CodePudding user response:
Another possible solution, based on stringr::str_split and purrr::map_chr:
library(tidyverse)
species %>%
str_split(" ") %>%
map_chr(~ str_c(.x[[1]], .x[[2]], sep=" ")) %>%
if_else(. %in% species, ., species)
#> [1] "Abia americana" "Abia americana"
#> [3] "Abia americana" "Abia aurulenta"
#> [5] "Leptomyrmex fragilis" "Leptomyrmex fragilis"
#> [7] "Parasinilabeo longiventralis laran" "Rhizorhagium arenosum"
#> [9] "Rhizorhagium arenosum" "Rhizorhagium arenosum"

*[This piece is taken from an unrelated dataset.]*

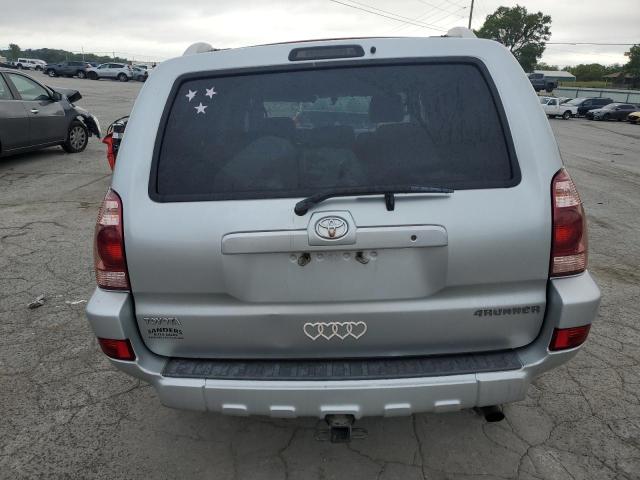 Photo 6 from auction – 2005 TOYOTA 4RUNNER SR with VIN JTEZU14R450053331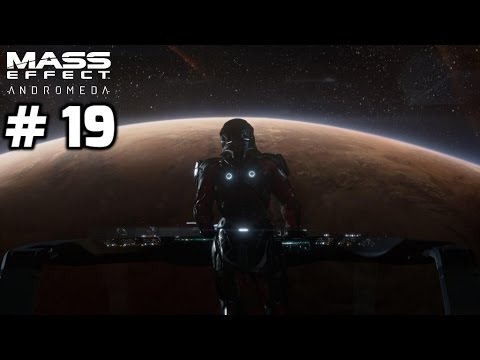 Mass Effect Andromeda Walkthrough Part 19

#> [11] "Stelis phaeoptera phaeo"
CodePudding user response:
Here's a solution in the tidyverse, which maps each word to the shortest word that starts the same way.
Solution
First import the tidyverse and generate the species vector.
library(tidyverse)
# ...
# Code to generate 'species' vector.
# ...
Then use the following workflow to map each word in species to its simplest duplicate; this effectively "removes" the "rest of the string" from each word.
species <- species %>%
# Get every combination of words within the 'species' vector.
expand_grid(
First = unique(.),
Next = unique(.)
) %>%
# Flag each combination where one word "matches" another: the one is a substring of
# the other and starts the same way.
mutate(
First_in_Next = str_starts(Next, fixed(First)),
Next_in_First = str_starts(First, fixed(Next))
) %>%
# Ignore nonmatches.
filter(First_in_Next | Next_in_First) %>%
# Ensure each combination maps from its longER word to its shortER.
mutate(
From = pmax(First, Next),
To = pmin(First, Next)
) %>%
# Map each word to its shortEST match across all combinations.
group_by(From) %>% summarize(To = min(To)) %>%
# Apply the mapping to the 'species' vector.
inner_join(
tibble(Species = species),
by = c(From = "Species")
) %>%
# Extract the mapped results as a new vector.
.$To
# View the result.
species
Result
Given a species vector like the one you reproduced in your question
species <- c(
"Abia americana",
"Abia americana",
"Abia americana primaria",
"Abia aurulenta",
"Leptomyrmex fragilis",
"Leptomyrmex fragilis sapana",
"Parasinilabeo longiventralis laran",
"Rhizorhagium arenosum",
"Rhizorhagium arenosum",
"Rhizorhagium arenosum COMPLX. 18",
"Stelis phaeoptera phaeo"
)
this workflow should yield the following result for species
[1] "Abia americana" "Abia americana"
[3] "Abia americana" "Abia aurulenta"
[5] "Leptomyrmex fragilis" "Leptomyrmex fragilis"
[7] "Parasinilabeo longiventralis laran" "Rhizorhagium arenosum"
[9] "Rhizorhagium arenosum" "Rhizorhagium arenosum"
[11] "Stelis phaeoptera phaeo"
just as you requested.
Note
Because it can identify arbitrary substrings, this solution is more extensible than others that split by a delimiter (like " ") to match by only the first two words.
Nonetheless, if you include a string like "Abia" (ie. only the Genus) in species, then "Abia americana primaria" would get (wrongly) mapped to "Abia" rather than to "Abia americana". So make sure your species data is clean before implementing this solution.